Related to this, there have been rumours that GE may be considering taking on the business as it is looking to grow its European market share following its takeover of Alstom’s power business in 2015.

Taking all these developments into consideration, the deal is expected to close by March 2017. The new company will have its legal domicile and global headquarters in Spain. The onshore business will operate from Spain while the offshore business will remain at Siemens’ bases in Germany and Denmark.

Synergies

Siemens and Gamesa expect a significant synergy potential in a combined set-up as the two companies are highly complementary in terms of their global footprint, sub-segment specialities and technologies. Geographically, Siemens has a fairly strong foothold in North America and northern Europe. Gamesa, on the other hand, is a leading player in emerging markets such as Latin America, China and India. Gamesa was the second largest foreign OEM in China in 2015 after Vestas, and is one of the largest wind turbine suppliers in India at present. Siemens’ involvement in China, in contrast, is limited. It has a licence agreement with local manufacturer Shanghai Electric, but that is unlikely to help it gain market traction. Considering that China and India are expected to account for more than 45 per cent of all global wind power installations in the next five to ten years, the deal will not only create the best market entry for Siemens in the world’s number one and number five markets, but also provide a market share guarantee for the future.

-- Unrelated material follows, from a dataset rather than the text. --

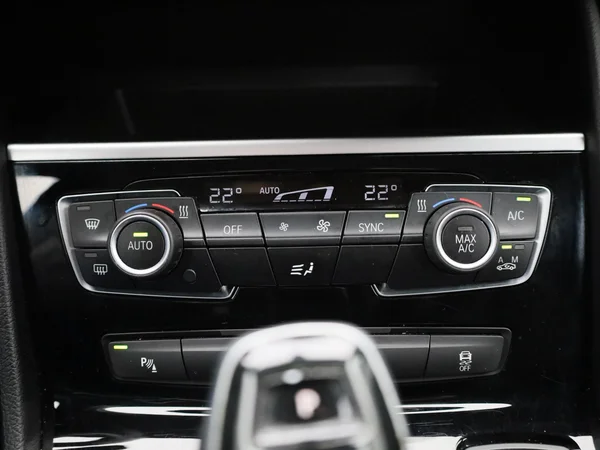 BMW 2 Reeks (2022) — foto 11 van 41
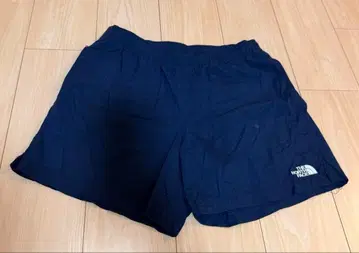 The North Face 네이비 숏팬츠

Further, the transaction will result in a wide product offering, covering all wind classes and addressing all the key market segments to better serve customer needs. Siemens is one of the world’s biggest makers of offshore wind turbines, while Gamesa is the fourth largest manufacturer of onshore wind turbines.

However, according to some industry experts, there is considerable overlap in the product ranges of the two companies. Thus, attention has understandably shifted to the future of Adwen, which is at an advanced stage of developing a new 8 MW turbine, a direct competitor to the Siemens 7 MW unit. Further, both Siemens and Gamesa make onshore turbines that are similar in concept and capacity, including the 3.3 MW machines aimed at low and medium wind sites. Whether the new JV can justify the production and development of two different designs for the same market sector remains to be seen.

Meanwhile, the merger between Siemens and Gamesa also provides scope for synergies in areas such as research and development, production, and selling, general and administrative. In financial terms, the two companies expect annual EBIT synergies (cost savings) of Euro 230 million in the fourth year post closing. However, experts believe that achieving this target will be a challenging task, despite the synergies.